▸ WHAT YOU NEED TO DO
Repeat only the lines running from the beginning of the material through the line that contains "什么时候出生的蝎子命最好".

[Opening ENTRIES SUPPLIED section]

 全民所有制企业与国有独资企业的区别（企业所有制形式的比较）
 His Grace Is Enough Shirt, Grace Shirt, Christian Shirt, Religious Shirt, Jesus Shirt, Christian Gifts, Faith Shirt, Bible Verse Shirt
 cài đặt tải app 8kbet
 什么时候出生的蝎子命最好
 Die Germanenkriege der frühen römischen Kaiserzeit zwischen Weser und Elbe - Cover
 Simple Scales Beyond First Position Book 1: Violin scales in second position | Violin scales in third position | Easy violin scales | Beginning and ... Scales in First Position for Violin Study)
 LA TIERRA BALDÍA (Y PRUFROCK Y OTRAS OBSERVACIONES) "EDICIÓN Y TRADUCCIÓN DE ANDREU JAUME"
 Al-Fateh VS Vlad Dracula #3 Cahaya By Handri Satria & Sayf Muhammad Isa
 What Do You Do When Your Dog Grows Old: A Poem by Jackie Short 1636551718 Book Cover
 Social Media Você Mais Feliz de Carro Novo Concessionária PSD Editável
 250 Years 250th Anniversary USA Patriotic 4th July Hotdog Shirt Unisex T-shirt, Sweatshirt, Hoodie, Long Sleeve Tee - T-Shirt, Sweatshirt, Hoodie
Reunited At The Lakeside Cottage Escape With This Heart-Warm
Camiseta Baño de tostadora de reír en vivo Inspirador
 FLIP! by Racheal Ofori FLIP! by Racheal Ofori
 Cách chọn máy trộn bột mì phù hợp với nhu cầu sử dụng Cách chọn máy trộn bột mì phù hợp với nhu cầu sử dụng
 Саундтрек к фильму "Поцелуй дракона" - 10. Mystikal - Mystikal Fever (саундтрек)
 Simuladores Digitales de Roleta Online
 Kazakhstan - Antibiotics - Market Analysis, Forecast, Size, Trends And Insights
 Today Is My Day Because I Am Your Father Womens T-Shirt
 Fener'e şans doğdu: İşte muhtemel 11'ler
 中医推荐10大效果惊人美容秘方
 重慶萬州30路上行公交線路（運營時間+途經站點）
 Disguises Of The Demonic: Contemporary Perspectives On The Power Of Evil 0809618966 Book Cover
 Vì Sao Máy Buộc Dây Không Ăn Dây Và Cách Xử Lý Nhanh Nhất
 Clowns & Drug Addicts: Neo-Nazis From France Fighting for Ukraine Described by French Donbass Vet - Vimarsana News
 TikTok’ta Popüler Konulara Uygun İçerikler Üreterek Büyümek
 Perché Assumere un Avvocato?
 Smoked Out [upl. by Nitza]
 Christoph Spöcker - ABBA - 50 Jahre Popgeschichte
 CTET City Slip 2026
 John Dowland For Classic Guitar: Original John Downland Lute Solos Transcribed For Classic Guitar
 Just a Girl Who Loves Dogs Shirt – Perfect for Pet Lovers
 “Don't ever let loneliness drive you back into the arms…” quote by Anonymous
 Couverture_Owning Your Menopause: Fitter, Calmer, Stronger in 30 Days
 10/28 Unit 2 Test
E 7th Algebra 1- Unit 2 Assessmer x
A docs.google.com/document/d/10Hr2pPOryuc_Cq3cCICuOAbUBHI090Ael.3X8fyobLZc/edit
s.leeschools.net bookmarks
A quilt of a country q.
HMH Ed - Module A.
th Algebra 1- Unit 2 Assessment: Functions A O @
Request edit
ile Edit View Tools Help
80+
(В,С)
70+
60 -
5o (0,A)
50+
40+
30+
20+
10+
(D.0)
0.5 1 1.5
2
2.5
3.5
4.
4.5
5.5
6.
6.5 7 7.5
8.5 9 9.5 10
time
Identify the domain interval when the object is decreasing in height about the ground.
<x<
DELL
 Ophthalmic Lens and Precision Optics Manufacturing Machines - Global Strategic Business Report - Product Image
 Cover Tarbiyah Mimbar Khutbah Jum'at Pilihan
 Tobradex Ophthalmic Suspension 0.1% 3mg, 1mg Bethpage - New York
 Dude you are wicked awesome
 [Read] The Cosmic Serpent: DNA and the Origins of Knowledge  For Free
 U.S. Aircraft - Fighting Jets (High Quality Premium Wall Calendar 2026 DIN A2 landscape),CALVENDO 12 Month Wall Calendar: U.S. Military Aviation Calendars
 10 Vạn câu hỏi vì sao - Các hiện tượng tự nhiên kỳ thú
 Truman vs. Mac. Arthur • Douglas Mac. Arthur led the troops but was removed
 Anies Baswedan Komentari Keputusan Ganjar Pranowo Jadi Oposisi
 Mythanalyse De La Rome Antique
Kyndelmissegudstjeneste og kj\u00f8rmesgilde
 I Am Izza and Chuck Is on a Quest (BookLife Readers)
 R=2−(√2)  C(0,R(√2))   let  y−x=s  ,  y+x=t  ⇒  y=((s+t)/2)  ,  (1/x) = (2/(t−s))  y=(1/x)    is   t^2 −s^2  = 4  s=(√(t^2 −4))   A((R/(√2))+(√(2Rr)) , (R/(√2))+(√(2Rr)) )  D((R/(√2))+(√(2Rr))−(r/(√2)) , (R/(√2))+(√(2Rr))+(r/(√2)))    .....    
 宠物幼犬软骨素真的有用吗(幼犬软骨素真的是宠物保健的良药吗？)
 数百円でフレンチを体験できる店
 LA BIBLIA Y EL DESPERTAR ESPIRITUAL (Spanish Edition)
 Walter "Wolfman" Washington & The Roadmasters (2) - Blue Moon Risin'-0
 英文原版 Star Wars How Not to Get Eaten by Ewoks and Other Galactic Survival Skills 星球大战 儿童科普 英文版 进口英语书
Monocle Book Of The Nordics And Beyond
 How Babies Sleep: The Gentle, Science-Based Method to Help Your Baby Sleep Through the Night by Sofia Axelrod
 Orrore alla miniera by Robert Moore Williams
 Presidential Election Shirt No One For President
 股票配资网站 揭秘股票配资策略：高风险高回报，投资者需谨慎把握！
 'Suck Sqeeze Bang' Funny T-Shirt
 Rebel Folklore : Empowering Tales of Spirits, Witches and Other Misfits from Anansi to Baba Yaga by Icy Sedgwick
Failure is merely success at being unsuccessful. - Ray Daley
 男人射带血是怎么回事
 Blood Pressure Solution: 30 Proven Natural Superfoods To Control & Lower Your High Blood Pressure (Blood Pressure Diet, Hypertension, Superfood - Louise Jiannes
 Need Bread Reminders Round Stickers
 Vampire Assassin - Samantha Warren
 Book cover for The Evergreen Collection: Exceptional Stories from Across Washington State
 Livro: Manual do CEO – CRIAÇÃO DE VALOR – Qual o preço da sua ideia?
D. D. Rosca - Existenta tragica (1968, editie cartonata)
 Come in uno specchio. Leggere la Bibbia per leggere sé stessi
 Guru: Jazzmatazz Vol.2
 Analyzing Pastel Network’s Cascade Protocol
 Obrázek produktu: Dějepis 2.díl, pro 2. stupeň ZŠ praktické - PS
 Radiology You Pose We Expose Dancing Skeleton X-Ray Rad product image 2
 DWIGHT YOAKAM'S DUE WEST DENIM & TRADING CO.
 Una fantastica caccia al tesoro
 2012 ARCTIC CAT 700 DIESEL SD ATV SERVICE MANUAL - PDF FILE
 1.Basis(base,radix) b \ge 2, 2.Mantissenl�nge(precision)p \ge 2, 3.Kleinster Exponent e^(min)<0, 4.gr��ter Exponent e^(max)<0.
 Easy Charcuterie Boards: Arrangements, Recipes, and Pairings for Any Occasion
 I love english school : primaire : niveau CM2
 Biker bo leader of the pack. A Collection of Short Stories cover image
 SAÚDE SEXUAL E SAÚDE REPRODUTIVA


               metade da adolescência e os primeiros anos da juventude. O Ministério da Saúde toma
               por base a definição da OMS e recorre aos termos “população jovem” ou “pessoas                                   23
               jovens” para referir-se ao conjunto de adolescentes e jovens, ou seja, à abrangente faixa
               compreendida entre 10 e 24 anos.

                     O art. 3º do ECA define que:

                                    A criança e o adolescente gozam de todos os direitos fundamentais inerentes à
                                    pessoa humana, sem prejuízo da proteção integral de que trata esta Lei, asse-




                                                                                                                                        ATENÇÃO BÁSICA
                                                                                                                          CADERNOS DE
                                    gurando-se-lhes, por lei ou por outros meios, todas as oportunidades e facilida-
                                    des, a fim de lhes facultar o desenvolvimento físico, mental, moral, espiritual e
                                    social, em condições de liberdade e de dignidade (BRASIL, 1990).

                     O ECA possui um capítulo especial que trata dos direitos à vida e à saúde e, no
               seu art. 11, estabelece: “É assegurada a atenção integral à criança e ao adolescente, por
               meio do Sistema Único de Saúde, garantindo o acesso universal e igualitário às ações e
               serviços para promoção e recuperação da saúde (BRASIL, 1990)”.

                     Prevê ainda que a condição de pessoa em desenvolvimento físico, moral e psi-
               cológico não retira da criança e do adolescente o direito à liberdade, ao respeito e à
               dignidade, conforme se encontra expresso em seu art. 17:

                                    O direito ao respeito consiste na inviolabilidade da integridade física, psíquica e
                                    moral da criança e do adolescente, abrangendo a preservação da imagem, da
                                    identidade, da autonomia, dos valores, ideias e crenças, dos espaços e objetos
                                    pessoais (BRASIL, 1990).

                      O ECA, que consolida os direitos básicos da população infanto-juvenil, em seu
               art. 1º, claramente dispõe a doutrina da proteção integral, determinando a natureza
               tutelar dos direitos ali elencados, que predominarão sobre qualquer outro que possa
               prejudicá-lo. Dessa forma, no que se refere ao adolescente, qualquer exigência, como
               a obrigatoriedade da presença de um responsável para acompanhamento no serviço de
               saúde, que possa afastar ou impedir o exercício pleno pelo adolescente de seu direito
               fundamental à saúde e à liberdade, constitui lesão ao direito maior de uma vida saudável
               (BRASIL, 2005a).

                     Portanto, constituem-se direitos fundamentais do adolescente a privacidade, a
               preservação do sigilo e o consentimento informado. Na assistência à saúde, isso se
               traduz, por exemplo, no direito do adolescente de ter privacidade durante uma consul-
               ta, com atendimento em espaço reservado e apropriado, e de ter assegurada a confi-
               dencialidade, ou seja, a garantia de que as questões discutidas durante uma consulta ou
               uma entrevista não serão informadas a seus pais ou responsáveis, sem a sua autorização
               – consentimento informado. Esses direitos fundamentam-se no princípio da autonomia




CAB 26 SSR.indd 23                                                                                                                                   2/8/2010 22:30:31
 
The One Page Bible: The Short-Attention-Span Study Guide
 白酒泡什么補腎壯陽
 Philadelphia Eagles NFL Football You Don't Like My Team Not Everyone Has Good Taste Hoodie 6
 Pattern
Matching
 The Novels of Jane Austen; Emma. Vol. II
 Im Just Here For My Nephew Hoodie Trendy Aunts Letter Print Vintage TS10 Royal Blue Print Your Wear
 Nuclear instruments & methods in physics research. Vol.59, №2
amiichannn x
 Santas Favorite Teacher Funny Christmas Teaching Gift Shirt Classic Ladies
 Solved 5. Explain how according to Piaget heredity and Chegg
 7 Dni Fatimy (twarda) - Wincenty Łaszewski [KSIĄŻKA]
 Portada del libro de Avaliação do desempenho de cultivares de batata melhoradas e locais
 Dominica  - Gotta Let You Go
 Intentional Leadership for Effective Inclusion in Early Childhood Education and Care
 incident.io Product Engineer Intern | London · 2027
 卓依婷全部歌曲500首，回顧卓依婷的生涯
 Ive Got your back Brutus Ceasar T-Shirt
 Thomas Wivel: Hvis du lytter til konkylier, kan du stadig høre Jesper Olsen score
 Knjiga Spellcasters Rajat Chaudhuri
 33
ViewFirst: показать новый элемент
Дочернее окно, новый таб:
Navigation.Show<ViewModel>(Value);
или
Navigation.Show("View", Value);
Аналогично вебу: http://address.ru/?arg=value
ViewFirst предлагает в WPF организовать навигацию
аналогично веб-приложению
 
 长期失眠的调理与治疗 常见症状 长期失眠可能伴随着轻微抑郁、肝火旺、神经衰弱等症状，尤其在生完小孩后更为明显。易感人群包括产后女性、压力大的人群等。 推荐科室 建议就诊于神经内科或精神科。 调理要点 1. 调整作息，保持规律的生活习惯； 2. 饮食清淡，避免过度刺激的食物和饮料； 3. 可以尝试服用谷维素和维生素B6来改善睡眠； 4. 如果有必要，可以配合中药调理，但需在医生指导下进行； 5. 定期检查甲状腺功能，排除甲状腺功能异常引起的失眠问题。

[Closing ENTRIES SUPPLIED section]

▸ TASK OUTPUT
 全民所有制企业与国有独资企业的区别（企业所有制形式的比较）
 His Grace Is Enough Shirt, Grace Shirt, Christian Shirt, Religious Shirt, Jesus Shirt, Christian Gifts, Faith Shirt, Bible Verse Shirt
 cài đặt tải app 8kbet
 什么时候出生的蝎子命最好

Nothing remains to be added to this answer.